▶ Exercise instructions
Everything from the line with "Personalised Australia Thorny" to the line with "- Telefon. Web simgesi basit illüstrasyon" in the listing below, both lines included, needs to be copied exactly, apart from the pictures.

▶ Dataset entries
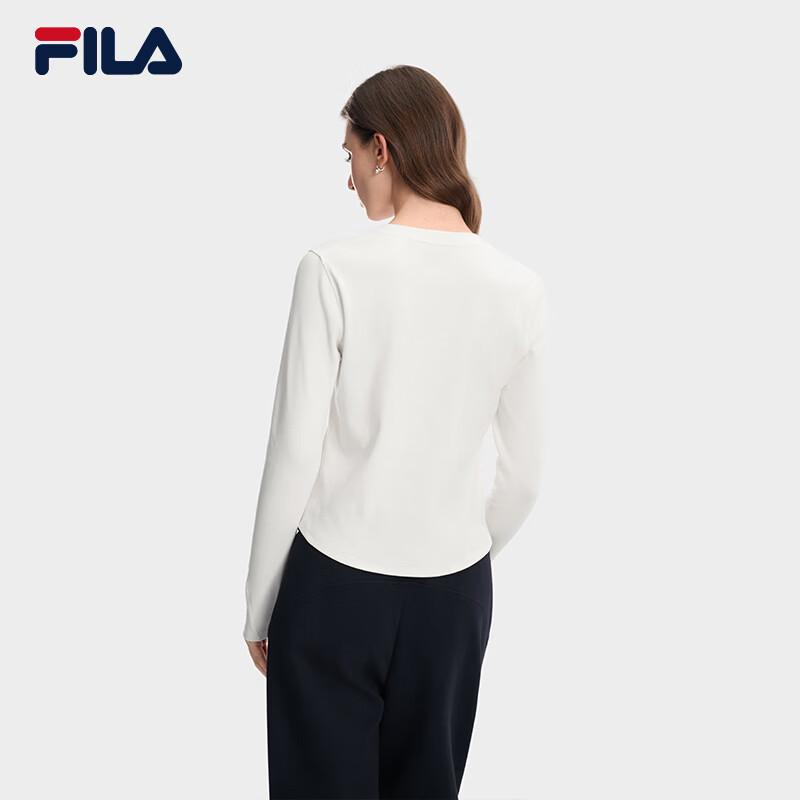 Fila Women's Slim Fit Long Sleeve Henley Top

---

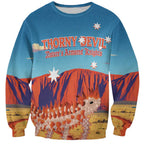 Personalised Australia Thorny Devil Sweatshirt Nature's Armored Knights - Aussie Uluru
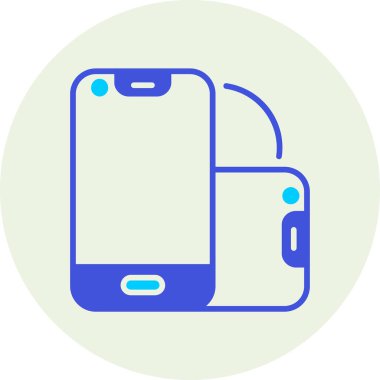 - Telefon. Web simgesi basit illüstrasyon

▶ Exercise solution
 Personalised Australia Thorny Devil Sweatshirt Nature's Armored Knights - Aussie Uluru
 - Telefon. Web simgesi basit illüstrasyon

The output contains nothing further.